Available data section start

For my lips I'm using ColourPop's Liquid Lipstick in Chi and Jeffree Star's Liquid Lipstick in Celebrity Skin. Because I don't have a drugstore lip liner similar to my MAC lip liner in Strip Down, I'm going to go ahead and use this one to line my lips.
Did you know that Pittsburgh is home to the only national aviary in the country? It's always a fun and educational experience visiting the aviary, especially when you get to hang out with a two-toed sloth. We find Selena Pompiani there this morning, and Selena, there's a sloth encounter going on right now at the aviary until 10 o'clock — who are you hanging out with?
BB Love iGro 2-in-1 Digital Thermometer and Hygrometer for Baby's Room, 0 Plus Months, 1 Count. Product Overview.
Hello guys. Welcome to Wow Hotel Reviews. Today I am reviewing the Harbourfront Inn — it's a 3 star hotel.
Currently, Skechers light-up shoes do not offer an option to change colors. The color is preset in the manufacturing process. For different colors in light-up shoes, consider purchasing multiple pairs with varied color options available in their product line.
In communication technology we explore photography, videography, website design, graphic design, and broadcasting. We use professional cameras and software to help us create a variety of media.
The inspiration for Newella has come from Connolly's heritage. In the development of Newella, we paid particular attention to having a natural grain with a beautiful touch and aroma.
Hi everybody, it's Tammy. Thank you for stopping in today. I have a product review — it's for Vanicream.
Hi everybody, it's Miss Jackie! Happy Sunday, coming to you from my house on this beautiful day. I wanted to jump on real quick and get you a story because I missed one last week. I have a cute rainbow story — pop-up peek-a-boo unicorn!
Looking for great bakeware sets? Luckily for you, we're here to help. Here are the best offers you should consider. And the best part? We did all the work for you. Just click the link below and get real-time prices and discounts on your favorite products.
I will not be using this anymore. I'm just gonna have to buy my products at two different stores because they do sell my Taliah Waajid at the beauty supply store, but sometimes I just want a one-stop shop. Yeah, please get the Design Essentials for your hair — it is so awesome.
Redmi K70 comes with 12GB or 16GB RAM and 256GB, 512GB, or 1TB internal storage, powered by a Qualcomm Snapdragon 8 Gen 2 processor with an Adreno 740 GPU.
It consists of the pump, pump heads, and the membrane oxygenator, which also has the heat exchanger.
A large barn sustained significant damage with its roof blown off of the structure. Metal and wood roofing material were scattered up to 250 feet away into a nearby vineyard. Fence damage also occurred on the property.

Available data section end

_Instructions for the task_. Pull each line holding "also" out of the listing.

_Answer for the task_.
It consists of the pump, pump heads, and the membrane oxygenator, which also has the heat exchanger.
A large barn sustained significant damage with its roof blown off of the structure. Metal and wood roofing material were scattered up to 250 feet away into a nearby vineyard. Fence damage also occurred on the property.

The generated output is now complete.